Battle for Mosul: A View from Baghdad

by Eldar Mamedov

With the Iraqi army launching a long-expected offensive to liberate Mosul from the so-called Islamic State (ISIS or IS), Iraqi Foreign Minister Ibrahim al-Jaafari was in Brussels for a session of the EU-Iraq Cooperation Council. He also addressed the foreign affairs committee of the European Parliament on October 19. This was a very timely appearance considering the world attention on the situation in Mosul. Just this week, for instance, the EP is gearing up for a debate and a resolution on the issue at its plenary session.

Outrage at the crimes of IS has generated broad support for the Iraqi offensive. Al-Jaafari, meanwhile, did his best to dispel a number of prejudices and misconceptions about Iraq.

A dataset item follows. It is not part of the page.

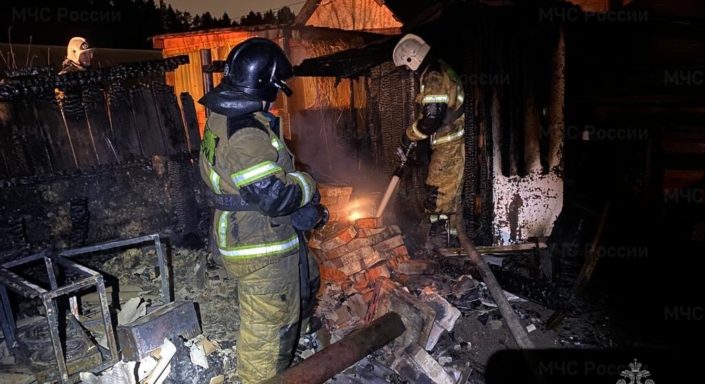 В Каменском округе потушили крупный пожар в садовом товариществе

First is the ubiquitous myth that Shiite sectarianism and pro-Iranian orientation are the main drivers of Baghdad’s policies. Because “Shiite” parties rule Iraq, it is assumed to be Tehran´s satellite and hostile to Sunnis. As such, the offensive of the Iraqi army—supported by the Popular Mobilization Forces (PMF), commonly called in the West “Shia militias”—inevitably puts at risk the majority Sunni population of Mosul.

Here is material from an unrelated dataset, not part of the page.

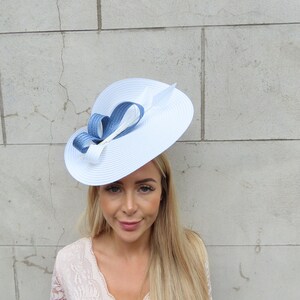One off Piece Large Dusty Blue & White Straw Style Hat  display picture 1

As Iraqi diplomats have pointed out, this assumption is wrong on several accounts. First, despite the shared Shiite Muslim faith of the majority of population in Iraq and Iran, Baghdad is not Tehran’s satellite. Iran-Iraq relations are fraught with complications. Since Iraq was the only country to directly invade Iran in the last 100 years, the strategic rationale for Iran to maintain a friendly, or at least, non-hostile, regime in Baghdad is self-evident. The tremendous investment in blood and treasure Iran has made to shore up Bashar al-Assad in Syria would pale in comparison to what it would be prepared to do to secure favorable conditions in Iraq.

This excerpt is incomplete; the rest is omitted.